Clarification: The statement regarding the Conseco trust mischaracterizes the situation. On Nov. 12, 2008, Conseco Inc. completed the transfer of Conseco Senior Health Insurance Company to an independent trust for the exclusive benefit of CSHI's long-term care policyholders. This transaction was approved by the Pennsylvania Department of Insurance.
An unexpected announcement by MetLife that it will exit the long term care insurance market in less than two months stunned an industry that has been forced to endure an escalating series of negative announcements over the last three years. The industry has worked for years to meet the needs of baby boomers would begin crossing over into retirement age, and long term care insurance policy sales should be booming. But instead, the industry has been set back by decreasing sales, rate increases, blocks of business being taken over by state risk pools, and now the sudden departure of one of the leading carriers and brand names for retirement and long term care security.
This storm has been brewing for some time, but it became particularly evident in the last three years through a series of disruptive events emanating from the leading long term care insurers. In 2007, John Hancock and Genworth began raising rates by 20 percent on new policies sold. At the end of 2008, the Pennsylvania Insurance Department took over a large block of Conseco policies and moved them to a state-run risk pool to ensure they would remain solvent. In September, 2010, John Hancock made a stunning announcement that it would increase rates on in-force policies by 40 percent and would suspend group product sales, and in October, Genworth announced it, too, would again raise rates on at least 26 percent of its in-force business.
And then, a truly unexpected and major blow to the stability of the LTCI market came with the announcement that Met Life would abandon the long term care insurance marketplace effective Dec. 30, 2010.
The domino effect
The common factor for all this action seems to be incorrect pricing on LTCI costs attributed to carriers underestimating the longevity of policyholders and the level of policy persistence.
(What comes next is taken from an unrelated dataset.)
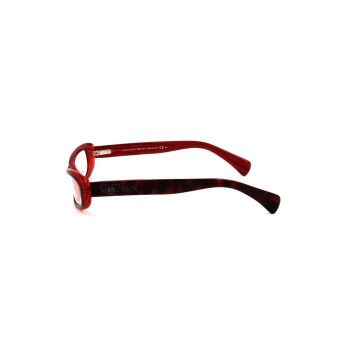 Alexander McQueen Women's Red Acetate Frames - One Size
Simply put, long term care insurers underpriced the products, and it has become increasingly expensive for carriers to keep policies on the books for longer periods of time at the original price for which they were sold. Solutions to this situation have come in the form of rate increases on new and existing business, abandoning blocks of business, and leaving it to the states to take over – or, as in most recently, exiting the market altogether.
Genworth attributes its rate increases to "persistency, or the number of people who will retain, rather than lapse, their policies over time – leading to higher claims than pricing assumed for these older policies." Similarly, when John Hancock examined its claims experience between 1990 and 2010, it discovered "unfavorable claims patterns," according to Marianne Harrison, president of John Hancock Long Term Care.